A population ruled by fear

As was revealed at the culture festival in Riyadh, the Kingdom finds itself in a precarious position – not least because women are still excluded from podium discussions. Open debate about politics and religion did, however, take place at the fringes. Stefan Weidner reports from Riyadh

By Stefan Weidner

Riyadh is different to the other capital cities of the Gulf. They have little space and they build upwards. Riyadh, by contrast, is annexing the desert and spreading out, affording detached houses in the city centre. And the few high-rises that do exist are more architecturally appealing than is usual in the Emirates. But you don't see people on the Saudi capital’s streets any more. The pedestrian is an extinct species in Riyadh, its habitat destroyed. You can't get anywhere without a car.

When I attempt to walk anyway, on my last day there, I am promptly arrested and escorted to my destination in a police car. Luckily I am able to identify myself as one of the Saudi National Guard’s guests of honour. They are putting on the Janadriyah Festival outside the city gates, a unique combination of trade show and funfair – and the only form of public mass entertainment in Saudi Arabia, if you don’t count the Mecca pilgrimages. 

Quality ″made in Germany″

This year, Germany is the festival’s guest of honour and has thus been saddled with an extremely thankless task. What are you supposed to do at a festival in a country where all public performances are unwelcome; a country whose countless human rights abuses have made any contact with it as compromising as if it were a leper? Ask the economy: even if, as in the case of Iran and Saudi Arabia, all dialogue fizzles out, there's still always something you can sell to each other.

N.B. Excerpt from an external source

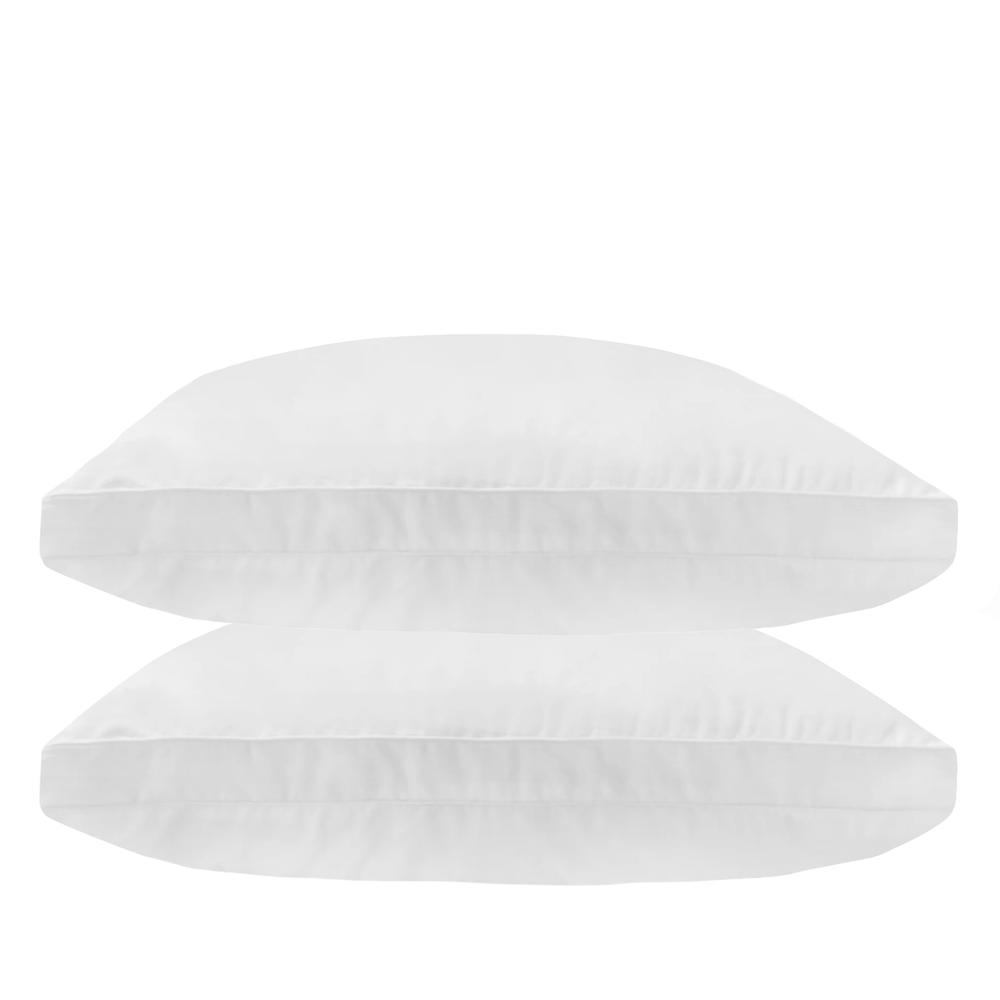 Royal Comfort Luxury Bamboo Gusset Pillow, Twin Pack Buy online at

As a result, the guest-of-honour presence here (largely funded by this economy) has become a display of German products, glued together with some (sometimes high-quality) crafts, folklore and facade. The facades in this case are to be found inside the German pavilion and consist of walls plastered with gigantic, full-scale photos showing every possible kind of building facade to be found in Germany, from half-timbered houses to a financial district.

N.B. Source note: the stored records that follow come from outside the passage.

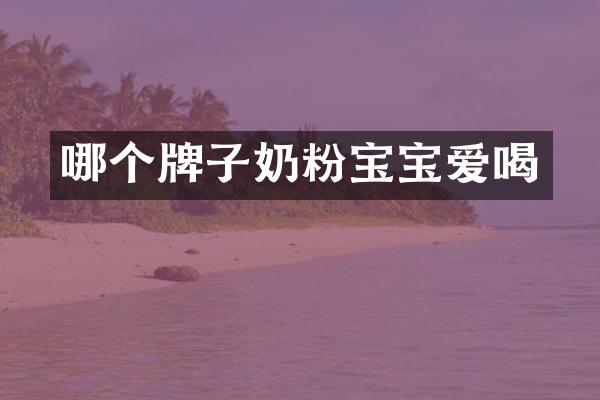 哪个牌子奶粉宝宝爱喝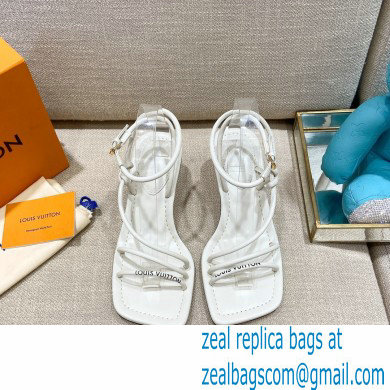 Louis Vuitton Heel 5.5cm Nova Sandals White 2021 - Click Image to Close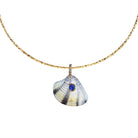Collar Rigido Litibu Azul Collares de Joyería Regina Castillo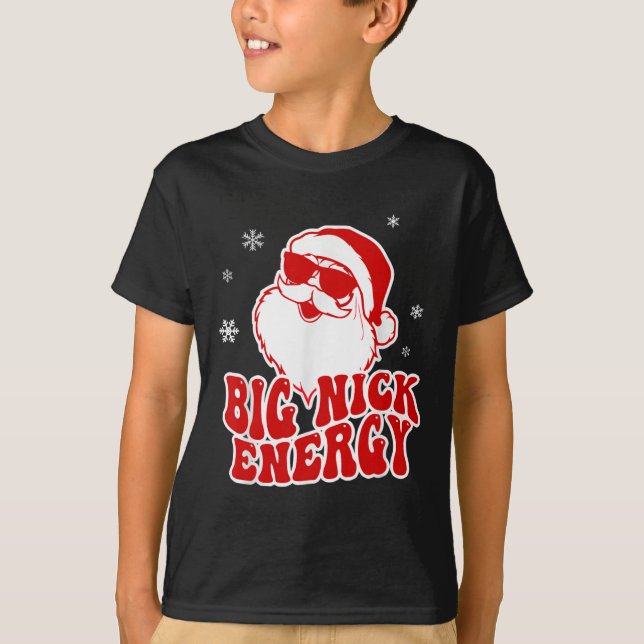 Camiseta Fun Christmas Big Nick Energy Santa Naughty Adult  (Anverso)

The old marketplace inside the German pavilion (photo: MAR/Zeissig)
Focus on German culture and architecture: in a 2,000-metre square pavilion the German Foreign Office, the "Deutschland – Land der Ideen" local initiative, the Goethe-Institut and numerous business partners present Germany as an attractive cultural, scientific and business location. The pavilion concept aims to show visitors how Germany will counter the challenges of the future with innovative solutions and ideas

In amongst this, there is a Goethe-Institut stand with taster language courses, printed information and friendly, Arabic-speaking employees. And there too is also a stand from the Museum of Islamic Art in Berlin, which a few days later will open a fine exhibition in the National Museum, displaying (as if they came from Berlin) those pieces from the Saudi museum depot that the Saudis don't dare show themselves, such as the gravestones from Mecca and Medina, over a thousand years old, which were all said to have been destroyed by Wahhabis supportive of the state two hundred years ago: they regarded visiting the graves and honouring the dead as polytheism. 

In cloying praise of the King

To be fair, you have to admit that the German pavilion is a great success. But that is the very reason the stands from the technology and luxury sectors of the economy seem so negative, looking like foreign bodies here. If at least they had managed to gain sponsorship from a German bakery, given that Kamps (“The German Bäckerei”, sic!) is about to open a branch in Riyadh – or if they’d allowed FC Bayern to have a fan shop there, its jersey having been worn by one of the camel riders honoured by the king on the opening night.

But although single men, to whom the display of German technology probably appeals, are denied entry after the second full day of the festival, the Saudis stream into the hall. Men are then only allowed to enter the show ground as "families", accompanied by women and children. Let nobody say the absurd division of the sexes in Saudi Arabia only disadvantages women.

However, Janadriyah (unnoticed by the German journalists who have travelled there) is more than the funfair-like festival showground that all the media are reporting on. In the form of a week-long conference in the city-centre King Faisal Conference Centre, it is also a forum for exchanges between the kingdom's elite. Top-class intellectuals from other Arab countries are invited and this year, because of the guest of honour status, a few Germans have been invited as well, though apart from the author of these lines, nobody has taken up the National Guard’s invitation.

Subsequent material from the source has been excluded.